El hecho de que a Jesús le cayó bien Zaqueo tuvo un efecto inmediato. “Doy la mitad de mis bienes a los pobres, y si he defraudado a alguien, le devolveré cuatro veces más.”
Aún en esto, creo que Cristo fue demasiado compasivo. Yo le hubiera dicho, “¿Sólo la mitad? ¿Y qué pasa con el otro cincuenta por ciento? Y ¿qué quieres decir con ‘Si le he defraudado a alguien’? Habla claro.” ¡Pero, no! Jesús declara salvación para toda la casa de Zaqueo y, lo crea usted o no, le llama un “verdadero hijo de Abrahán.” Y ni una palabra más. “El Hijo del hombre ha venido a buscar y salvar lo que estaba perdido.”
Y así, otra vez, mi insignificante prudencia, mi supuesto sentido de justicia, se empequeñece ante la sabiduría, ante quien el universo entero se reduce a algo tan pequeño como un grano de arena o una gota de rocío. Desde luego, Dios no se fija en nuestros pecados para que así podamos arrepentirnos y de este modo cambiar.
Así es la misericordia infinita.
Pues amas todo cuanto existe y nada aborreces de lo que has hecho; pues si tú hubieras odiado alguna cosa, no la habrías formado. ¿Y cómo podría subsistir nada si tú no quisieras; o cómo podría conservarse sin ti? Pero a todos perdonas, porque son tuyos, Señor, amador de las almas.
Esto incluye a Zaqueo. Y nos incluye a nosotros también.
Lo que nos enseña el Libro de Sabiduría es que ni siquiera existiríamos si Dios no nos amara, El mismo hecho que vivimos sin causar nuestra propia existencia es prueba de que somos creados por amor. No podríamos haber sido creados, no podríamos sobrevivir ni un momento, de no haber sido amados y deseados.

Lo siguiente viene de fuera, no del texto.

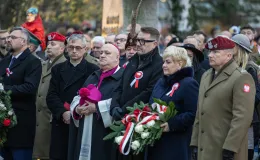 na zdjęciu osoby podczas świętowania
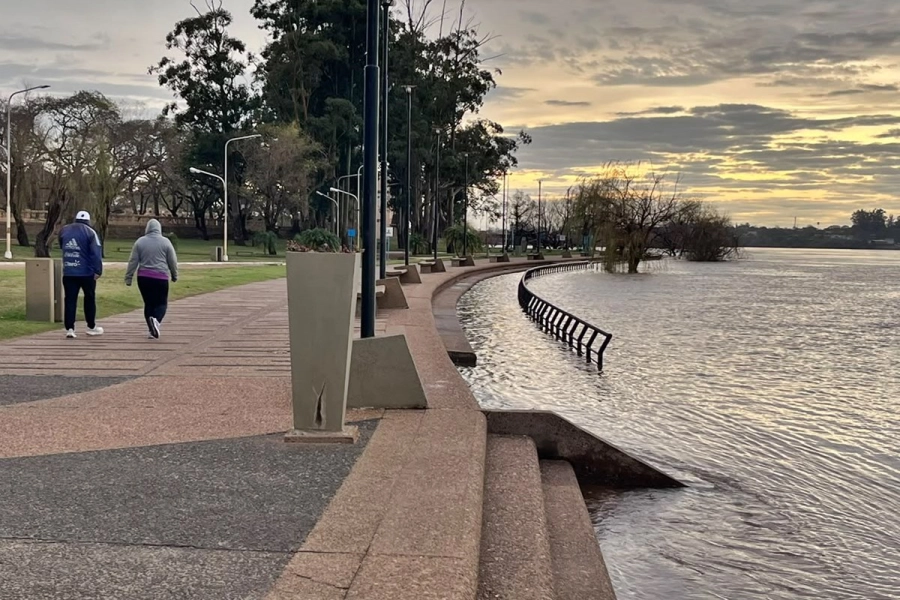 El pronóstico para un río que ya cubre las playas y amenaza la calle de la Costanera Baja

Nosotros los hermanos y hermanas de Zaqueo, dotados más espléndidamente que cualquier otra criatura, tenemos un don extra. Es más deseable que la grandeza de las montañas, más emocionante que la velocidad de la gacela más fina. Dios, ese amante de las almas, desea, ante todo, dejarnos este don a nosotros. Es el don que compartimos con Zaqueo, por muy ricos o pobres, jóvenes o mayores, virtuosos o pecadores que seamos. El don de una pregunta que reside en el corazón de nuestro ser. Y aún cuando pasamos por tiempos bien difíciles, subimos al árbol para saber cual podrá ser la respuesta.